The defendant was later charged with several sex offenses. An investigation by the sheriff’s office uncovered text messages between him and the victim containing strong sexual content. His cellphone contained a partially nude image of the victim, and he sent a partially nude image of himself to the victim via a text message. This evidence was used in prosecuting the defendant for violating a state law making it a criminal offense for the sexual exploitation of a counselee by a counselor. The court found that the defendant, as a youth counselor engaged in counseling the victim, was a “counselor” and it sentenced him to a prison term of five years. State v. Duvall, 776 N.W.2d 301 (Iowa App. 2009).
EXAMPLE A court used sexually explicit text messages between a youth pastor and a female member of the youth group to corroborate her account of sexual exploitation. The court sentenced the pastor to a prison sentence of four years to life. 2009 WL 1476934 (Colo.
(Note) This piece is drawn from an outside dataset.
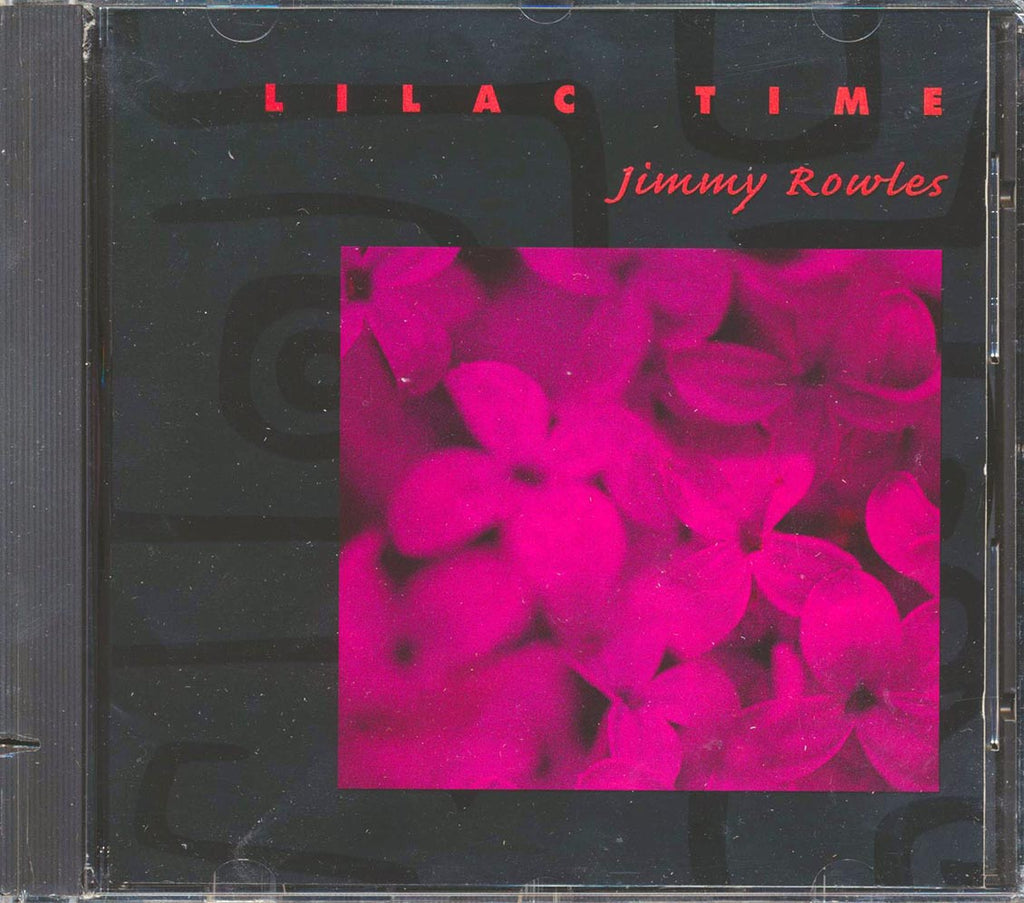 Jimmy Rowles - Lilac Time (marked/ltd stock) Music CD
App. 2009).
EXAMPLE A youth pastor (the “defendant”) sent several sexually explicit emails to a female adolescent in the church’s youth group. The victim told her mother about the emails. After reviewing the messages, the mother contacted the police. A police officer questioned the defendant about the emails. The defendant admitted that he sent the emails and expressed deep remorse for his actions. In the transcript of this conversation, the defendant stated that he had made “a very, very poor decision to engage in these email conversations with her, uh, and allowed myself to get caught up in things of a sexual nature.” The state charged the defendant with six counts of communicating with a minor for immoral purposes under a state law making it a class C felony for a person to communicate with a minor for immoral purposes through electronic communication. At trial, the defendant testified that he did not remember sending any of the emails. The jury didn’t believe him, and found him guilty on all six counts. The trial court sentenced the defendant as a class C felon to the statutory maximum of five years per count. State v. Haack, 2010 WL 4216705 (Wash. App. 2010).
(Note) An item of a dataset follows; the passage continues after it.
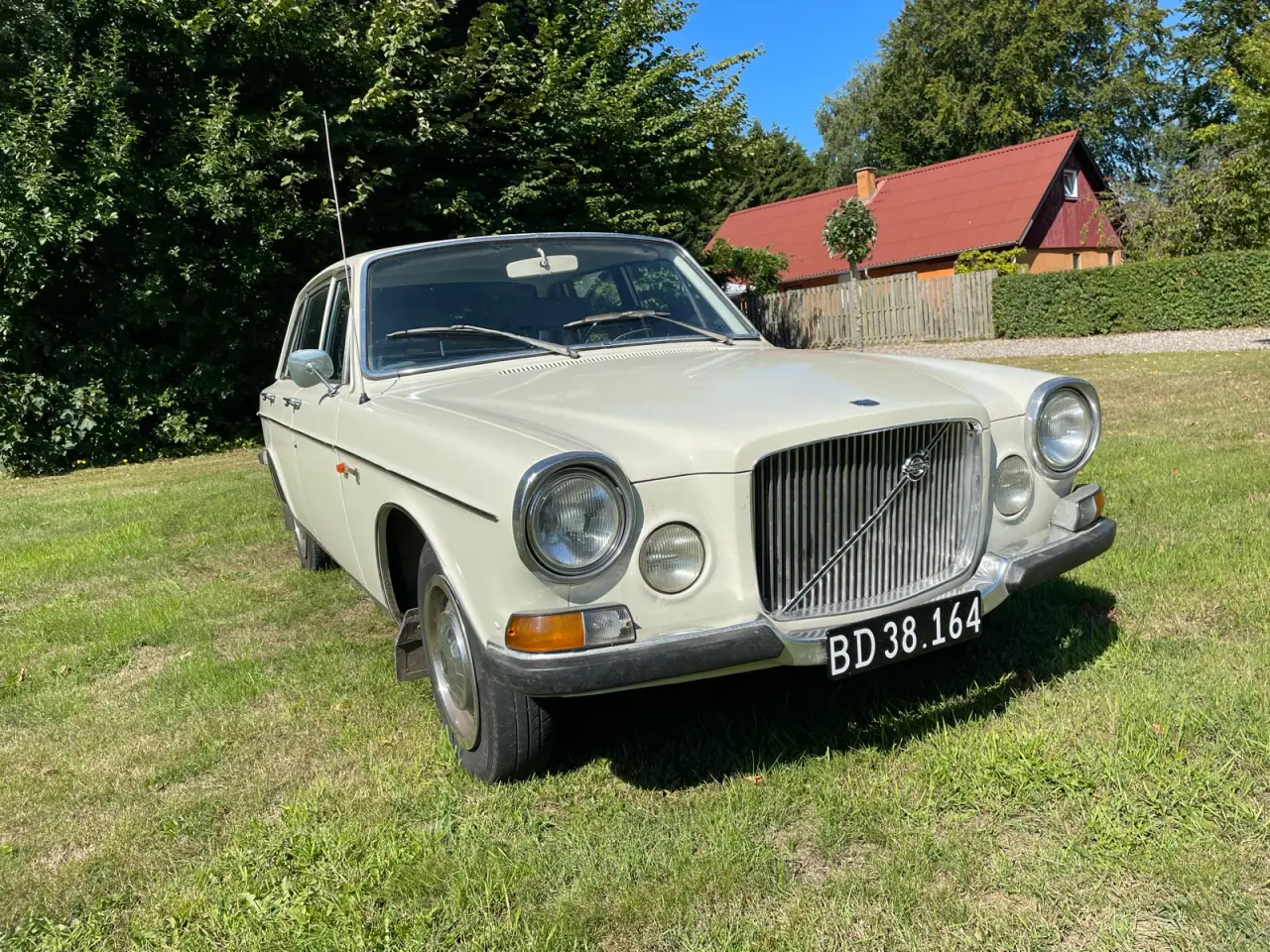 Billede 2 - Volvo 164 1970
EXAMPLE A volunteer youth leader (the “defendant”) in a local church was sentenced to eight years in prison on each of two counts of sexual assault in the first degree and contributing to the delinquency of a minor. At trial, the defendant’s former husband testified that he suspected his wife of having an affair. He set up surveillance in his house and then left for the weekend. When he returned and retrieved the hidden device, he watched the videotaped recording of his wife and a 17-year-old male consuming alcohol and having sexual relations. He gave the police this recording, which led to the defendant’s arrest and prosecution. Among the several items of evidence introduced at trial by the prosecution were several sexually explicit text messages from the defendant that the mother of one of the victims found on her son’s cellphone. Cluck v. State, 2009 WL 1362863 (Ark. App. 2009).
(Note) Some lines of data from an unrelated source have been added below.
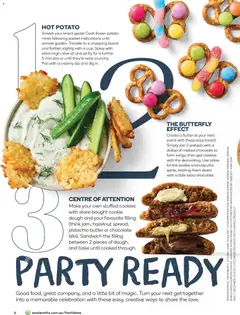 Preview of Woolworths Fresh Ideas magazine - valid from 01.05.2026 | Page: 6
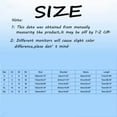 thumbnail image 3 of Godom Football Sweatshirts for Women Graphic Sweatshirt Long Sleeve Crewneck Pullover Tops Baseball Sweatshirt, 3 of 7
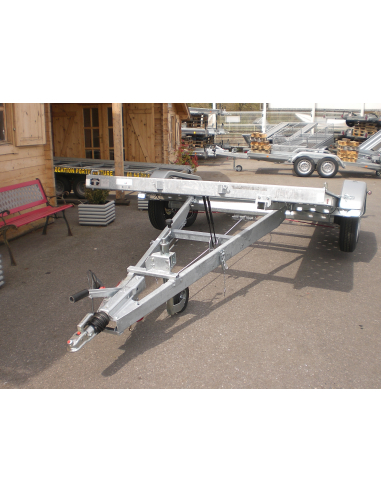 Remorque porte-voiture PV400F200 de...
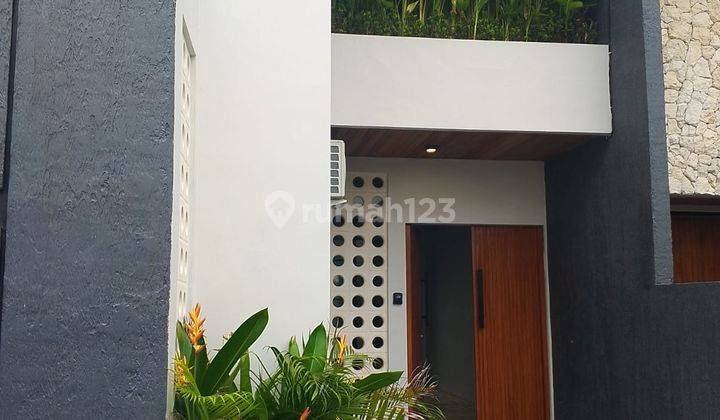 Dijual Villa At Pererenan, Canggu, Full Furnished. 1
Any social media contacts (e.g., email, Facebook, photo sharing) between adult youth workers and minors are inappropriate. Such communications should be banned. Any need to communicate with minors should be done through their parents. When social media communications evolve into “sexting,” this can expose the adult participant to felony criminal liability. Hillman v. Commonwealth, 811 S.E.2d 853 (Va. App. 2018).